Captioned web images:
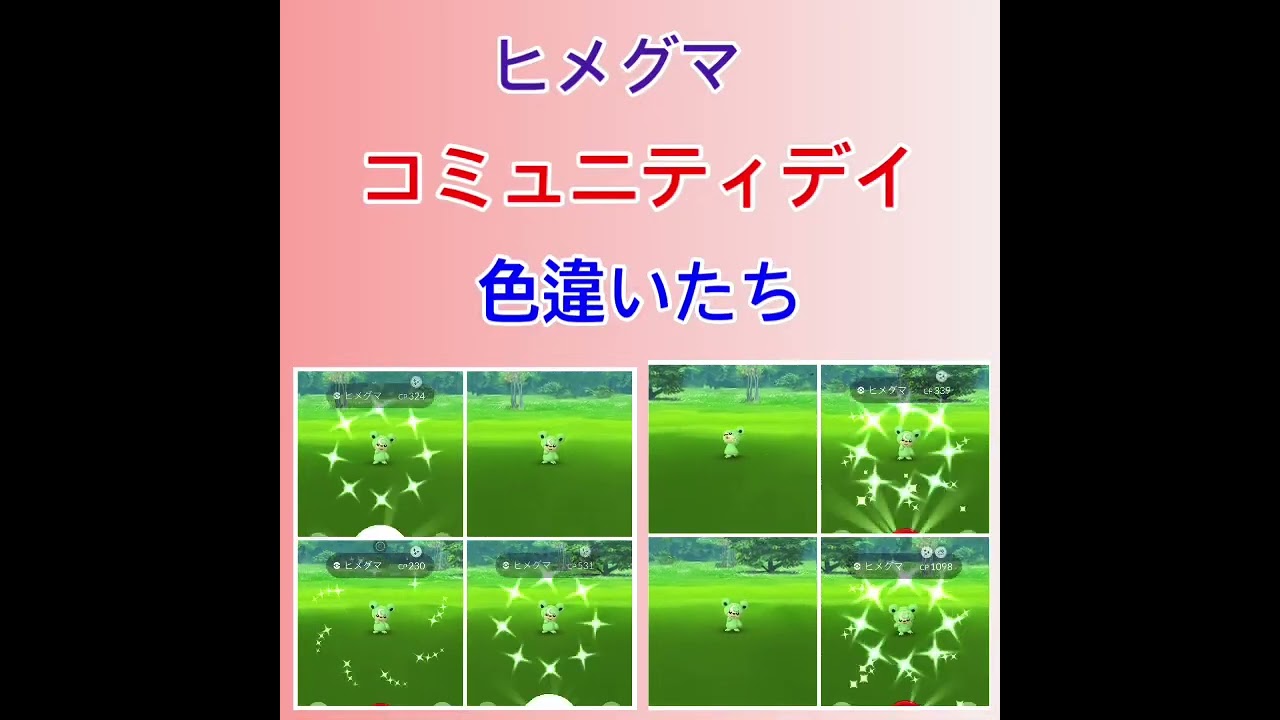 ヒメグマコミュニティデイ❗️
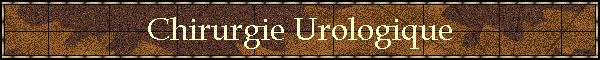 Chirurgie Urologique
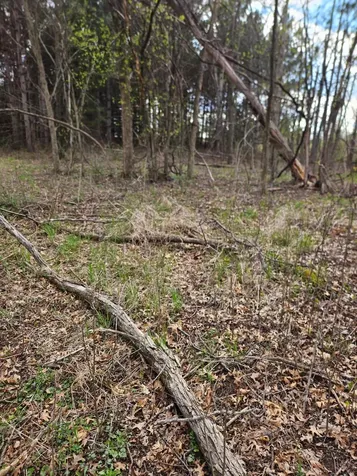 Xxx Tbd County Rd 115 +/- 17.63 Acres Saint Augusta MN 56301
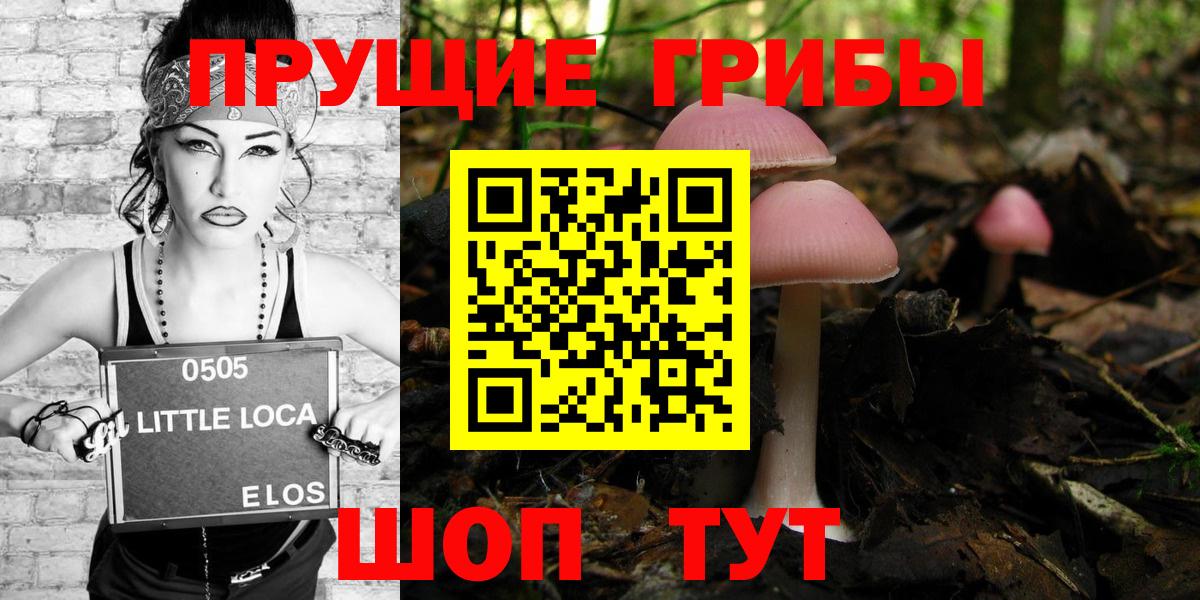 Псилоцибиновые грибы Psilocybine cubensis Беслан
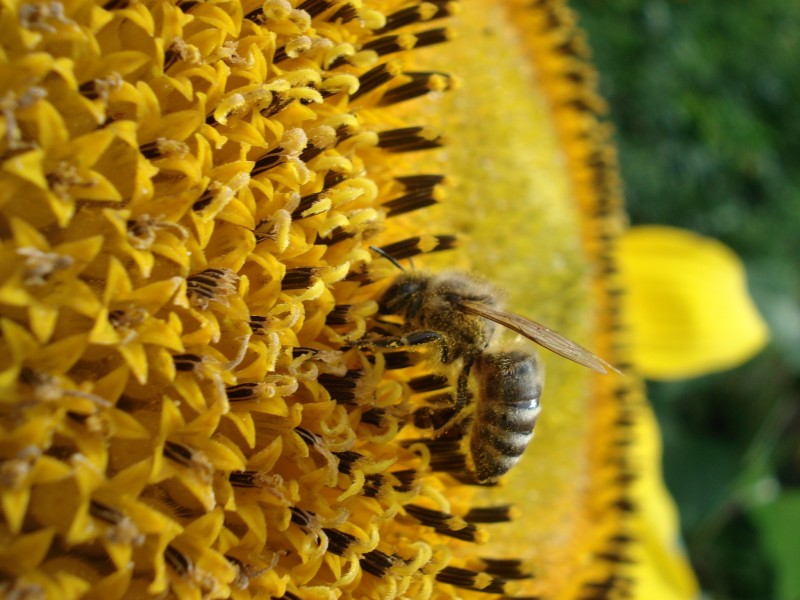 采蜜的小蜜蜂图片(14张)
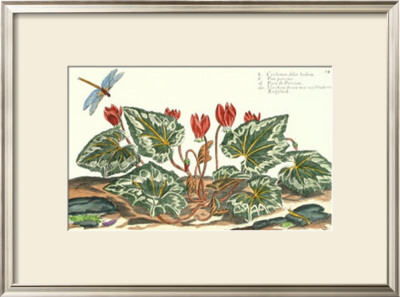 De Passe Cyclamen by Crispijn De Passe Pricing Limited Edition Print image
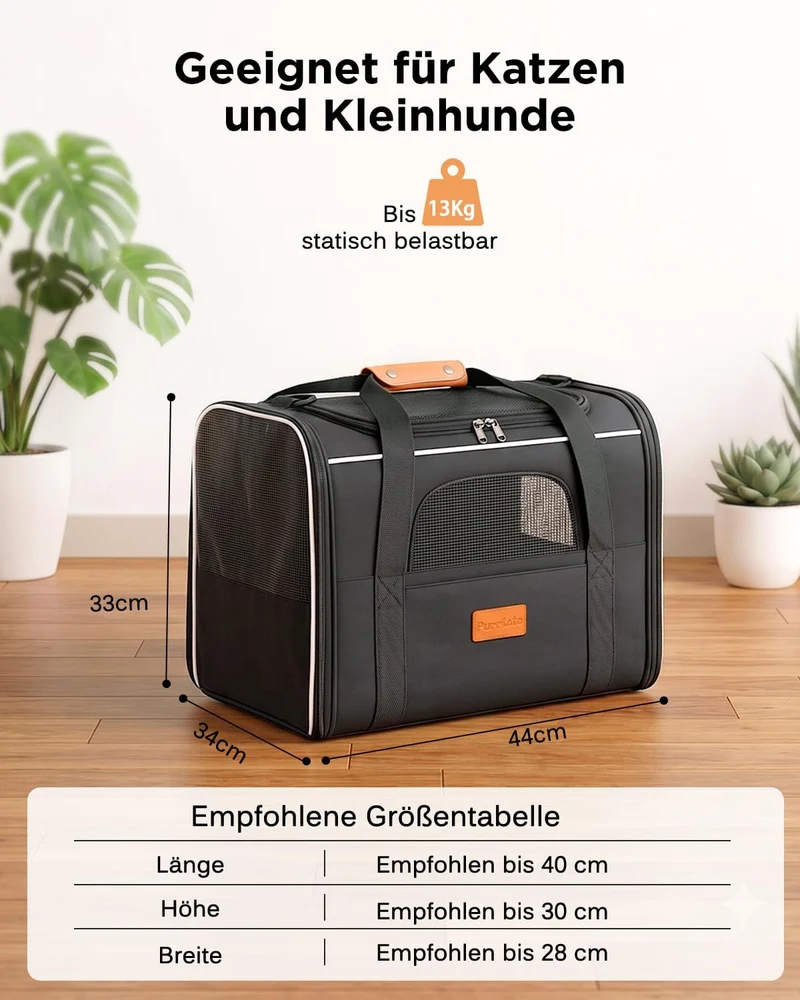 Katzentransporttasche faltbar bis 10 kg – Stabile Transportbox für Katzen & kleine Hunde mit Stahlra
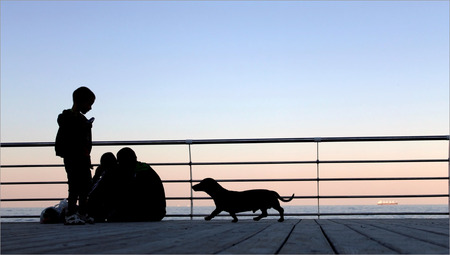 Family and dog resting on the sea sunset backgroundの写真素材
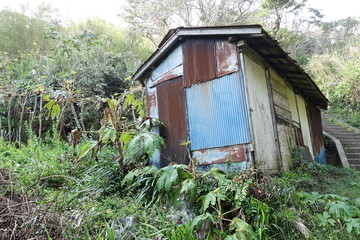 山林の中の廃屋　イメージ　abandoned  house in the forest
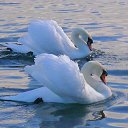 ���� �����, ����� - ��������� 29 ������ 2013 � ������ �������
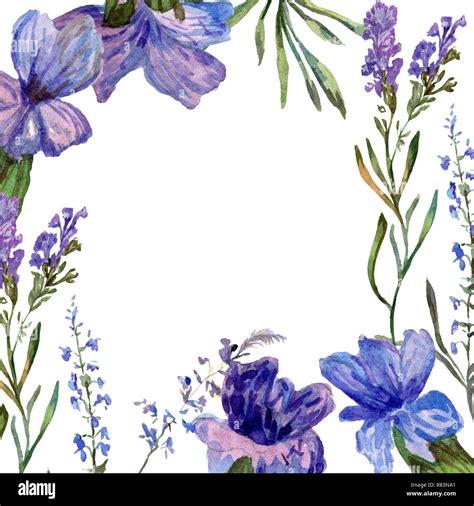 Purple lavender. Floral botanical flower. Wild spring leaf. Watercolor ...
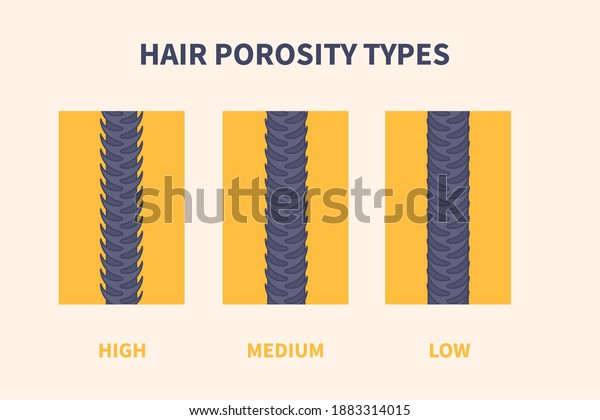 Hair porosity types classification set. Strand with low,\
normal and high cuticle porosity. Anatomical structure scheme\
vector illustration.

**Work request:**
Only the lines from the line with "Chirurgie Urologique" through the end of the entries above, copied exactly and with both ends included, belong in the response; the pictures do not.

**Written answer:**
 Chirurgie Urologique
 Xxx Tbd County Rd 115 +/- 17.63 Acres Saint Augusta MN 56301
 Псилоцибиновые грибы Psilocybine cubensis Беслан
 采蜜的小蜜蜂图片(14张)
 De Passe Cyclamen by Crispijn De Passe Pricing Limited Edition Print image
 Katzentransporttasche faltbar bis 10 kg – Stabile Transportbox für Katzen & kleine Hunde mit Stahlra
 Family and dog resting on the sea sunset backgroundの写真素材
 山林の中の廃屋　イメージ　abandoned  house in the forest
 ���� �����, ����� - ��������� 29 ������ 2013 � ������ �������
 Purple lavender. Floral botanical flower. Wild spring leaf. Watercolor ...
 Hair porosity types classification set. Strand with low,\
normal and high cuticle porosity. Anatomical structure scheme\
vector illustration.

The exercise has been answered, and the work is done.